Today I had the chance to go out with a group of professional drivers on one of Canada’s best race tracks in some of the fastest road cars available on the market.  I had a chance to go around the track in two different models from Porsche and an awesome Audi.  We traveled at times at speeds in excess of 200 kilometers per hour.  The track that we were one is not simply an oval.  Mosport is a road course with ten very crazy corners and multiple elevations.  Corner number two could be one of the most dangerous corners at any race track.  You enter the corner at a high speed and your enter it blind.  Because of the turn and the change in elevation you have no way of  knowing what is ahead and around the corner.  If you are going too fast or you don’t pay attention to the flagman who warns you of upcoming danger, you could wreck your car and end up badly injured. 

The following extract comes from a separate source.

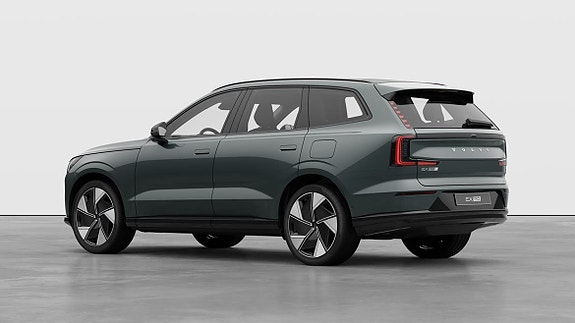 Volvo EX90 3 of 25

I got thinking about something as I went about a dozen laps around the track.  Life is like turn two.  There are many blind turns in life where you can’t see what is beyond the bend in the road or the changes in elevation.  If you are traveling too fast or you don’t pay attention to the warnings of others you can end up having a wreck with the ramifications having significant impact on your life.

Too many people today are traveling too fast today and they are paying a price.  Yet with all the competition on the track of life, how do you slow down without being passed or lapped?  There are no easy answers.  But more and more people I am talking to are looking for ways to slow down and are not worrying about being lapped anymore.  Their personal health, the relationship with God and their relationship with their family are more important than winning some marketplace or cultural race.   Will they pay a price?  For sure.  But it is a price they are willing to pay because the payoff is the ability to grab ahold of the things in life that really matter.